Conforme o PollyVote, um projeto dirigido por cientistas políticos e especialistas em pesquisa eleitoral, o modelo adota a teoria do voto retrospectivo, ou seja, “o eleitorado americano escolhe um presidente não com base nos acontecimentos da campanha, mas no desempenho do partido que controla a Casa Branca”. Isso significa que “as eleições presidenciais se tornam referendos sobre a gestão do partido em exercício, mais do que campos de batalha para debates, publicidade, ou táticas de campanha”. Em geral, essa abordagem teórica considera que o eleitor tem condições de distinguir bons de maus governos. Nesse sentido, eleitores satisfeitos com o desempenho do partido no poder, sobretudo na economia, recompensam o candidato da situação, reelegendo-o. Os insatisfeitos punem o governo, optando pela mudança. Como afirma Lichtman no artigo “The Keys to the White House: The Outlook for 2024”, publicado no periódico Social Education no início deste ano, “… governo, e não campanha, conta para eleger o presidente americano”.

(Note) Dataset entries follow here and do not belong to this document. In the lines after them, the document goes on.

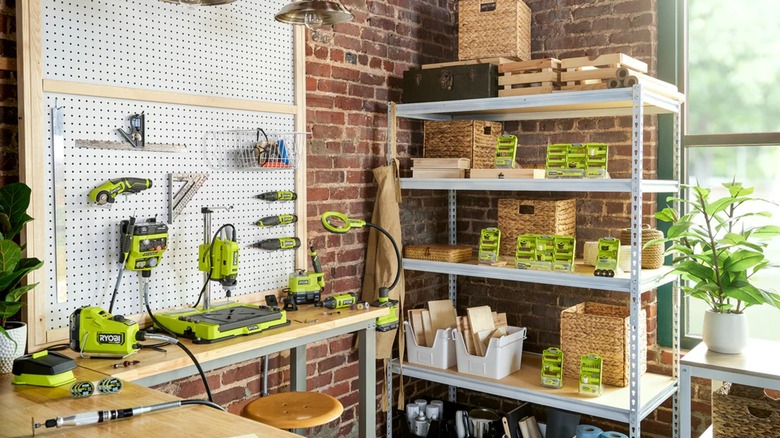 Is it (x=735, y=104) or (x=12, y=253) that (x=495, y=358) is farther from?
(x=12, y=253)

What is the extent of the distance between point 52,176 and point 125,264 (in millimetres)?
391

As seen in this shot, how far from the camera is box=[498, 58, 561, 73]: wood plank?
3.35 metres

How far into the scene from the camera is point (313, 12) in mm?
2512

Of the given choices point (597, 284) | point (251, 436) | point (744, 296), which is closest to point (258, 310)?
point (251, 436)

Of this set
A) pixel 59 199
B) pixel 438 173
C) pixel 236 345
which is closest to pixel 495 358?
pixel 438 173

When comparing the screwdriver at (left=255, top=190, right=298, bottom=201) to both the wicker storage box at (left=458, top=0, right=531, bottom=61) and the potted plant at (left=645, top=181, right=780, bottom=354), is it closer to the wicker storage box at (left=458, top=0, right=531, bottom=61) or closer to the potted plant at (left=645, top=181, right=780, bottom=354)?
the wicker storage box at (left=458, top=0, right=531, bottom=61)

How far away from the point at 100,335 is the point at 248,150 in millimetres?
1104

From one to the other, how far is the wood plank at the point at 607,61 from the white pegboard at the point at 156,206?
53.1 inches

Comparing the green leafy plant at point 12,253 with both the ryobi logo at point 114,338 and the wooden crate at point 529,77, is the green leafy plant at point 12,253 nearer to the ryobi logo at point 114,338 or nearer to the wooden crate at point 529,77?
the ryobi logo at point 114,338

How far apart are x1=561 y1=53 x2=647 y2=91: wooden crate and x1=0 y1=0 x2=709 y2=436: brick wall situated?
23.4 inches

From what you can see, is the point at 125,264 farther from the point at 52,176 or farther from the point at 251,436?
the point at 251,436

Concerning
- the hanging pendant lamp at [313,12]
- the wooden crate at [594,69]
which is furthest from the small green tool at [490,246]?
the hanging pendant lamp at [313,12]

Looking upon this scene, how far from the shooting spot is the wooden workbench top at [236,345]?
82.9 inches

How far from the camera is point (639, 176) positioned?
3018 millimetres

Nesse modelo, o indicador econômico não é o único a ser considerado. Também se ignora pesquisas de opinião (ironicamente chamadas por ele de “horse-race polls”, em alusão às corridas de cavalos, uma obsessão da imprensa para alimentar o fluxo diário de notícias), análises dos comentaristas de plantão (“sem base científica para seus prognósticos”), comícios e outros eventos relacionados com a corrida eleitoral. “Nada do que um candidato tenha dito ou feito durante uma campanha, quando o público dá um desconto (por ver) tudo como político, alterou suas perspectivas nas urnas. Debates, publicidade, aparições na televisão, cobertura da imprensa e estratégias de campanha […] contam praticamente para nada no dia das eleições”, sentencia o autor no mesmo artigo.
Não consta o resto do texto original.